Dans un premier temps, étant donné l’absence d’«alerte sanitaire» à Barcelone et en Espagne (on ne compte que deux cas, mis en quarantaine et dont l’évolution est «positive», selon le gouvernement à Madrid), l’événement était maintenu malgré les défections annoncées d’entreprises de poids. Dans un deuxième temps, l’escalade des annulations de géants de ce secteur (Sony, Cisco, puis Deutsche Telekom, Vodafone, Orange…) a obligé John Hoffman à reporter le salon à l’année prochaine.
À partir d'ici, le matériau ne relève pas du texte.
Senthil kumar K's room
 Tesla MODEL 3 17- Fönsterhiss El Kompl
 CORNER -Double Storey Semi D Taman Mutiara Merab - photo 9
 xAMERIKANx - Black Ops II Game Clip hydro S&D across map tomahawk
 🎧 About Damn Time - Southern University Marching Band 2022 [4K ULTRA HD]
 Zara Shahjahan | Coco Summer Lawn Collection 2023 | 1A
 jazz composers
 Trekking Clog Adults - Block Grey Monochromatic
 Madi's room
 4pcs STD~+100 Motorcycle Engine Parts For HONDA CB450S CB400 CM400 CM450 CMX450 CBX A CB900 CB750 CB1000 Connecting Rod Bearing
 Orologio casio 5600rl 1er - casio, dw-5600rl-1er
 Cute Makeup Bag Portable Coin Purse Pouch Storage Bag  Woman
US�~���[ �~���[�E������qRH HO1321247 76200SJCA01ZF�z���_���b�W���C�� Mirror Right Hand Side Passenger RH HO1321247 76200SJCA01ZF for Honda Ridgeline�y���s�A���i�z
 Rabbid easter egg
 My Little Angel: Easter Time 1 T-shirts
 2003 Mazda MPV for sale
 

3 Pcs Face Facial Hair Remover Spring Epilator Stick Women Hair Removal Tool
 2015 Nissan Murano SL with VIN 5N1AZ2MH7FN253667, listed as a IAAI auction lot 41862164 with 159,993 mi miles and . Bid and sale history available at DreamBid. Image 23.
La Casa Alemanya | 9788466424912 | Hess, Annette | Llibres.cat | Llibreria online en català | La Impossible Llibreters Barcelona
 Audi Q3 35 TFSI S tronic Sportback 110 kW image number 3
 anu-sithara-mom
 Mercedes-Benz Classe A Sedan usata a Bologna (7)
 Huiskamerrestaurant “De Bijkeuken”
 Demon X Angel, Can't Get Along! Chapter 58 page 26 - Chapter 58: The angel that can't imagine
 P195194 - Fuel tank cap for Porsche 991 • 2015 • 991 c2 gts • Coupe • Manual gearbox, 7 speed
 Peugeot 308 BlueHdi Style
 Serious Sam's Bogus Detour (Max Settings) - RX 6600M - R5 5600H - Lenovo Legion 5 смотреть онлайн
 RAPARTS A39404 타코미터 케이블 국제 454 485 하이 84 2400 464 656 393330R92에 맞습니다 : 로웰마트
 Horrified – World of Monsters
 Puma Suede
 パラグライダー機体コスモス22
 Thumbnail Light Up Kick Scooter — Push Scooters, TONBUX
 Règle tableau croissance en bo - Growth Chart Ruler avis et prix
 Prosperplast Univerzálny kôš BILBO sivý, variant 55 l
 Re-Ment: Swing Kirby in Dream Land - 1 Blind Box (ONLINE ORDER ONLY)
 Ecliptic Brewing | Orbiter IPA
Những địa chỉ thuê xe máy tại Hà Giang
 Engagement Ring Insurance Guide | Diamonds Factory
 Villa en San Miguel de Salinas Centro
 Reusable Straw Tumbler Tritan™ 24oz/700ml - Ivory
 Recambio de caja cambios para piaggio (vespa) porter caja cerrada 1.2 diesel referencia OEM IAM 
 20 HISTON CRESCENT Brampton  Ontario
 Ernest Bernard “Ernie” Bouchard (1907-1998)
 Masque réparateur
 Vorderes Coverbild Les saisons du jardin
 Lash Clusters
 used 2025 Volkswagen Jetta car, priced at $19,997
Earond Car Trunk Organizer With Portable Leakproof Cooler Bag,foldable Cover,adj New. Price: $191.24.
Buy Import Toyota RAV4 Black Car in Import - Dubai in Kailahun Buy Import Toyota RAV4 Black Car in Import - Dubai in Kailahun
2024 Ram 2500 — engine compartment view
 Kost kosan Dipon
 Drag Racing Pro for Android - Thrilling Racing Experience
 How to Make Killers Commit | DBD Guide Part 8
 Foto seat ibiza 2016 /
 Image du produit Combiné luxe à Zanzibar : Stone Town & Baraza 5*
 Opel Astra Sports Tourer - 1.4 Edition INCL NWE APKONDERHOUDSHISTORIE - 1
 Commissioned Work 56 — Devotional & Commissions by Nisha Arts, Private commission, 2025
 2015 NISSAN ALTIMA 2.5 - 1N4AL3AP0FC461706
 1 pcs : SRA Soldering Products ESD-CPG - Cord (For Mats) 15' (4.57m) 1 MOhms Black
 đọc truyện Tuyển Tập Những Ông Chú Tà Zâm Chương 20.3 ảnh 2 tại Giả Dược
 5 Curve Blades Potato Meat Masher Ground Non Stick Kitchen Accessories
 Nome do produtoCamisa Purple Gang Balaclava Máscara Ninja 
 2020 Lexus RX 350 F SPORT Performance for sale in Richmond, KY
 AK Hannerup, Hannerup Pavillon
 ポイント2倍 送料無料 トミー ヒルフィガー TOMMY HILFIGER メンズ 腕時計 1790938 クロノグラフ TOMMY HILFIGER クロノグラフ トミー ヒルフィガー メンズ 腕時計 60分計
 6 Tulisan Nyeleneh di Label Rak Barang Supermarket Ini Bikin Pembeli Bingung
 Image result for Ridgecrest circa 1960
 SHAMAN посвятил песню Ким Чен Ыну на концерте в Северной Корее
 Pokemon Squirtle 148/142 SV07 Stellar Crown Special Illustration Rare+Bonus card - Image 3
Pertes considérables pour l’hôtellerie

L’impact financier sur Barcelone est considérable. De source officielle, on parle de 492 millions d’euros qui ne seront pas injectés dans l’économie locale. En effet, les quelque 110 000 congressistes issus d’environ 200 pays – en majorité avec un haut pouvoir d’achat –, dont 5% de Chinois, allaient créer 14 100 emplois temporaires. Les pertes sont considérables pour les services, l’hôtellerie, la restauration, les transports, et autres secteurs touchés de façon indirecte. Un coup de bambou tout spécifique pour les hôteliers qui prévoyaient 28 000 chambres réservées. «On comptait sur ce salon pour sauver une saison qui a été plutôt mauvaise, a réagi le président des Appartements touristiques de Barcelone (Apartur), Enrique Alcántara. Pour nous, ce Congrès allait rapporter 14 millions d’euros, près de 5% de la saison totale.»

Qui va payer la facture de cette annulation ? Une question d’autant plus problématique que les assurances ne couvrent pas ce genre d’accident. Le GSMA devra certainement indemniser de nombreuses entreprises, et les négociations sont en cours pour en estimer les montants. Quant à la maire pro-Podemos, Ada Colau, qui lors de son arrivée au pouvoir en 2015 avait laissé peser une menace sur la continuité du MWC, elle est aujourd’hui la plus désolée de cette annulation : «Une terrible nouvelle pour les Barcelonais.»

«Mystérieuses raisons»

Le goût est d’autant plus amer que les raisons de cette annulation sont suspectes. Ce jeudi, en Espagne, les observateurs glosent sur les «autres circonstances» qu’a entre autre avancé le GSMA pour justifier l’annulation. «Le salon a été supprimé car les multinationales des télécommunications se sont ravisées en cascade, s’est indigné le célèbre journaliste Iñaki Gabilondo. Si les raisons sanitaires ne justifiaient pas les défections, alors pourquoi ?» Lui et bien d’autres pointent du doigt Amsterdam, qui inaugure son grand salon sur l’industrie audiovisuelle et les systèmes électroniques, ou Genève, qui hébergera sa foire de l’automobile en mars. «Pourquoi ce qui vaut pour l’un ne vaut pas pour les autres ?» interroge le quotidien El Mundo. «Un jour, a déclaré la numéro 2 du gouvernement socialiste, Carmen Calvo, il faudra que l’on sache de quelles mystérieuses raisons il s’agit.» La GSMA a nié que les annulations des mastodontes des télécommunications soient liées à l’intention de Madrid d’appliquer ladite «taxe Google» ou une autre taxe sur les activités numériques. Le mystère reste entier.